Vail Daily column: Learn the ways of the river
Special to the Daily
Vail CO Colorado
VAIL – People are tubing all over the valley on the Gore Creek, Eagle and Colorado rivers. These river flows are perfect for tubing all over the county.
What is tubing? No glitz, no glamour, no agendas, no one to impress. Your life becomes the round red thing – a tube – gear to stay warm and the creek.
The creek is cold water, overhanging bushes, giant blue spruce, gravel bars, big rocks and the fresh scents one finds only on the water. You relinquish control to the currents, you travel along the riverbed, you see the true hidden beauty along the creek, you push off rocks, drag your tube into deeper water, laugh at your friends and essentially return to your childhood sense of adventure.
The comments we have gotten from the first 100 tubers include:
“That was so fun. Why hasn’t anyone done this before? We will be back.”

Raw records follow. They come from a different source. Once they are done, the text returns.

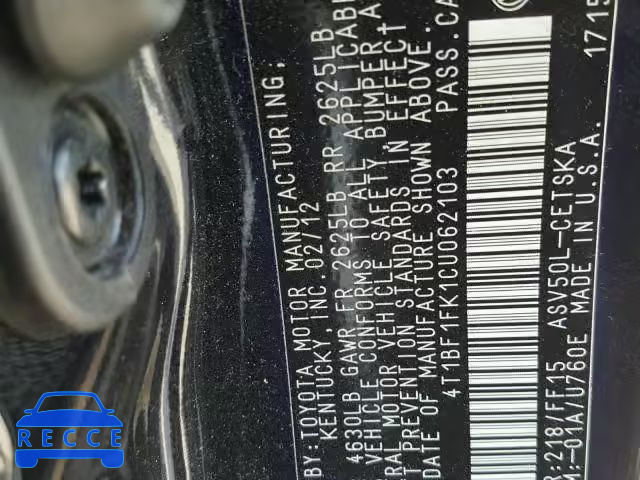2012 TOYOTA CAMRY BASE 4T1BF1FK1CU062103 image 9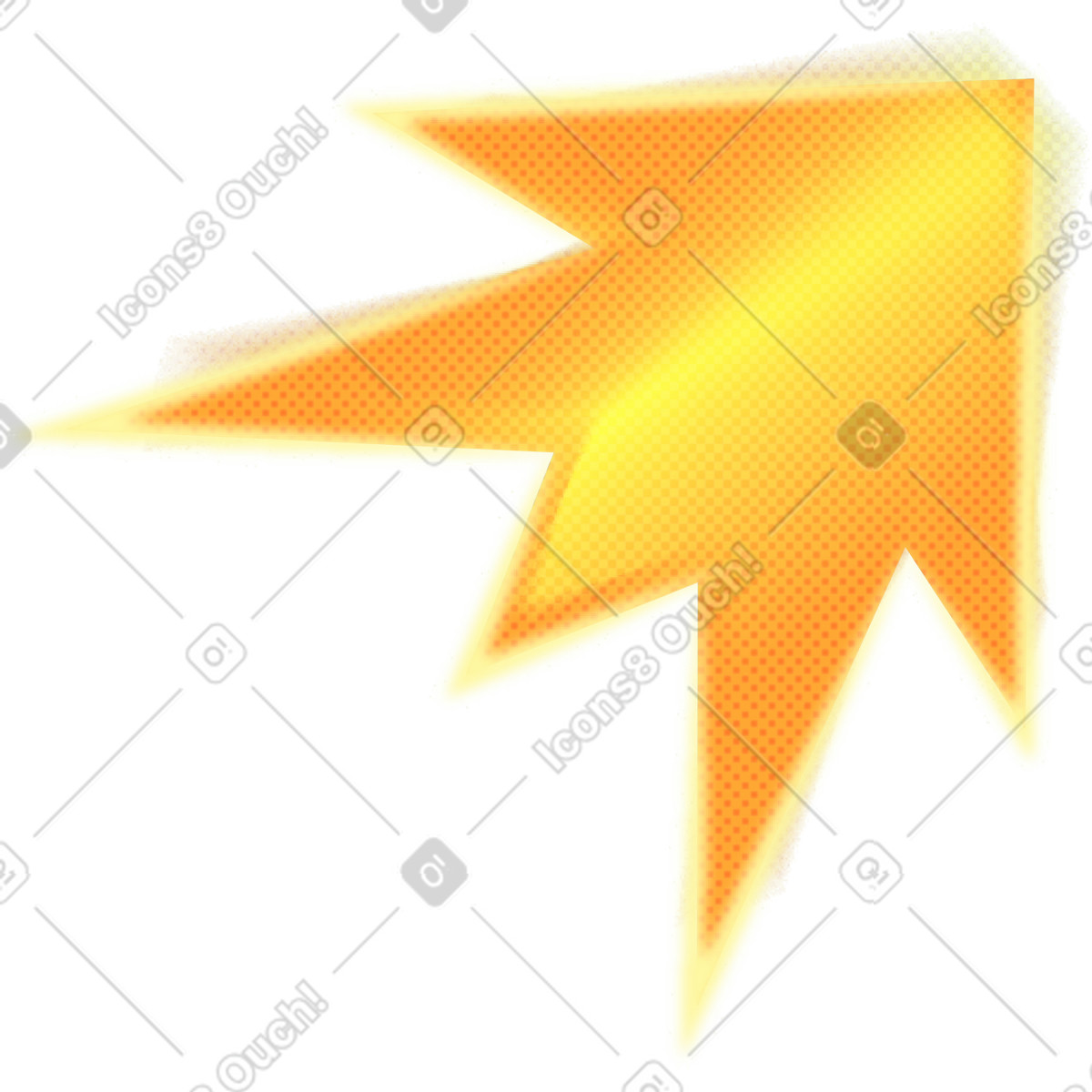 Fuzzy yellow flash illustration in PNG, SVG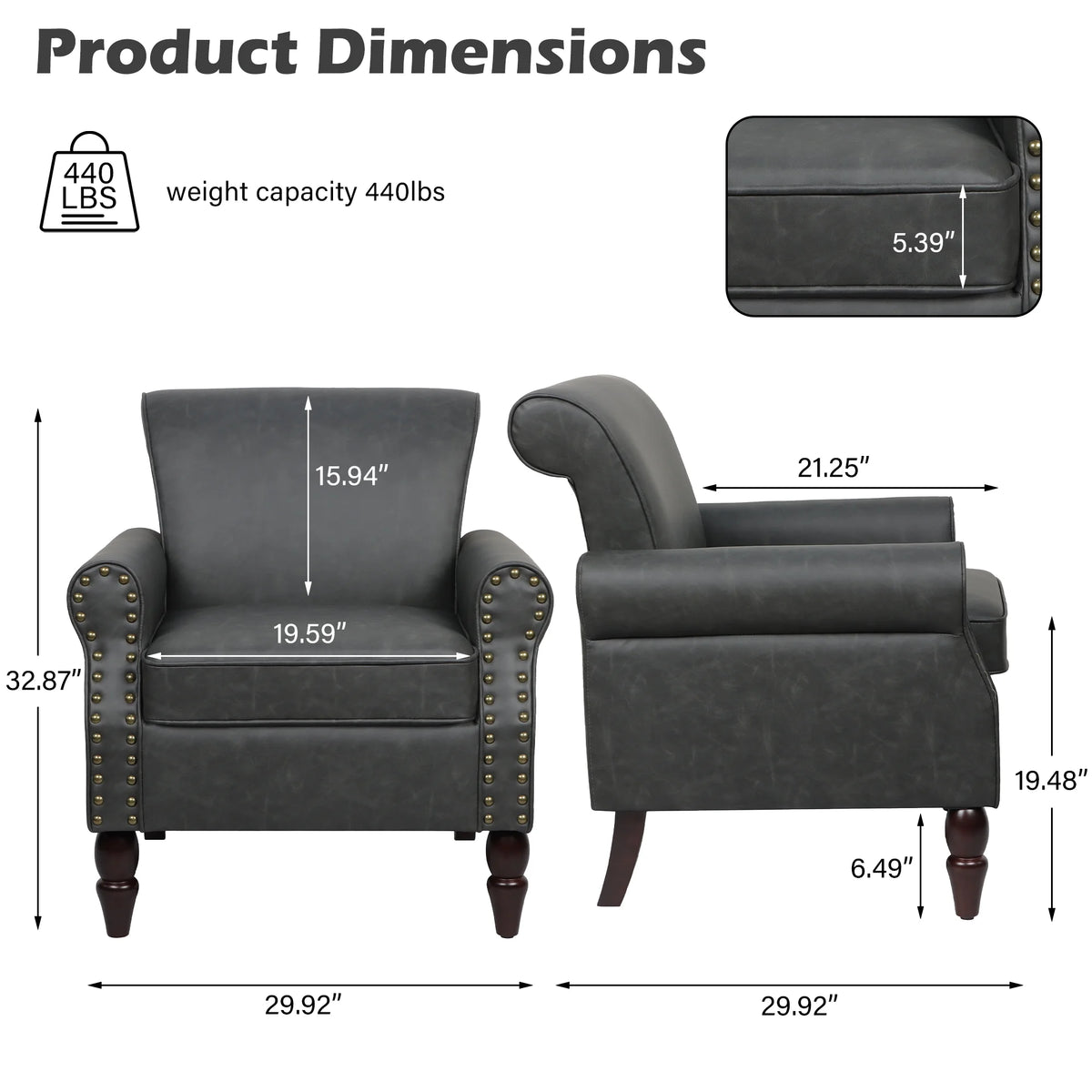 DREAMSIDEA Accent Chairs Upholstered Pattern Morden Armchair Comfy Linen Fabric Single Sofa for Living Room, Pattern White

“It is so beautiful along the creek.”
“We laughed the entire time.”
There is just something about tubing down the river that reduces life’s complexities to the moment’s action. There is a lot to be said for low tech.
Now on to rafting. It has very similar rewards to tubing yet is a little more complex. People may ask, “How do I know where to go rafting and what run should I do?”
Simple – start easy and work your way up. Class 1 is easy and fun for the whole family, ages 2 to 92. The Upper Colorado River in the State Bridge area is perfect for this kind of experience. All you need is swimsuit or shorts, a lifejacket and sunscreen.
Relax and start to learn about moving water and the essence of the river. After you see what rivers are about, move onto other more difficult sections of water. Enjoy doing different rivers and runs and then, as you develop skills and knowledge, you will appreciate and understand hard, fun rapids such as Class 4.
Would you take a beginner skier up to the top of Prima for his or her first run on skis? Of course not! So why would you want to run Class 4 on your first river trip? Class 4, by accepted definition, is violent rapids that must be scouted and run by groups of experts. Class 5 is the extreme edge of Class 4 – mistakes or swims will result in injury or fatality.
Class 6 means you die, and, if you do not die, it is Class 5. This is the kayakers’ version, and I always thought it funny and direct and pretty distilled. So, if you survive Niagara Falls, it is Class 5 that day.
But the classification system is difficult. How do you put all the rivers in the world into six categories?
The better questions to ask are:
• What is the gradient (the number of vertical feet per mile the river drops)? For instance, the Eagle from Wolcott to Eagle is between 25 and 35 feet per mile. Dowd Chute is 150 feet per mile. Mississippi in Louisiana is 3 feet permile. The Grand Canyon drops about 6 to 9 feet per mile. Anything over 75 feet per mile tends to Class 4 with Class 5 starting around 120. Creeks with gradients of 350-plus are being run by kayakers.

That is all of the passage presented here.